Comprehensive safety analysis is crucial for the deployment of new reactor designs. It requires accurate prediction of reactivity caused by temperature, boron concentration changes or control rod movement, as well as the 3D power, temperature, and burnup distributions during the cycle. Moreover, the reactor’s behavior under accident conditions has to be assessed. This necessitates advanced neutron transport codes capable of detailed modeling of heterogeneous core structures. It uses detailed meshing to model inhomogeneous structures, following the latest VVER core, and enables accurate prediction of reactor parameters during the burnup.
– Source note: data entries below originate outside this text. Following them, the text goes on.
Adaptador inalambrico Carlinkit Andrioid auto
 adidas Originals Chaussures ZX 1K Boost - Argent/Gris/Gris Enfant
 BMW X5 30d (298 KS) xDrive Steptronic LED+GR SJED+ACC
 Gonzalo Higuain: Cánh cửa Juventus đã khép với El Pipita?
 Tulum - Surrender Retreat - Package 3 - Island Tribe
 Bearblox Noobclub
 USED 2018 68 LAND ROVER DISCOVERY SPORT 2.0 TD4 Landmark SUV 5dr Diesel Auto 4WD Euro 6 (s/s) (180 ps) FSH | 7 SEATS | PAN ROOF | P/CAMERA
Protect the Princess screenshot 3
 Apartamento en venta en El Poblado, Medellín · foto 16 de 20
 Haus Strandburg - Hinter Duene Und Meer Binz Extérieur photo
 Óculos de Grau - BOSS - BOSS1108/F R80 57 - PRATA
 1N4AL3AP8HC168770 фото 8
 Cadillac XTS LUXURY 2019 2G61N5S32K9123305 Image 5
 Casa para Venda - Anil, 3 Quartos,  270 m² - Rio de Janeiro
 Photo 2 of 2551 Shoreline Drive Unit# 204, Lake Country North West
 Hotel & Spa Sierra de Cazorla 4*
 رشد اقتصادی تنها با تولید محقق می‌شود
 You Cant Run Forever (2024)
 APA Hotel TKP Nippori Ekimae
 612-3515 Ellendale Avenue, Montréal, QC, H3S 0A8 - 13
One possible solution is to develop further a neutron code that has already been proven in practice for similar tasks.

This article presents the capabilities and performance of KARATE-1200, an in-house developed deterministic neutron transport code designed for third-generation VVER reactors. Building upon the 40-year legacy of the KARATE code used at VVER-440 NPPs, KARATE-1200 incorporates significant enhancements to improve VVER modeling from pin-cell to coarse-mesh levels, achieving good agreement with reference data. The KARATE-1200 code package, incorporating MULTICELL for group constant generation and GLOBUSKA-1200 for criticality calculations, has been verified against benchmark solutions and validated against published measurements. Safety-related parameters of the VVER-1200 core, based on data from the Novovoronezh II NPP, were calculated. Simulated reactivity coefficients using KARATE-1200 show agreement within ± 3 % of published measurements, depending on the coefficient type. Furthermore, key safety parameters, such as the isothermal re-criticality temperature, also demonstrate good agreement with literature values.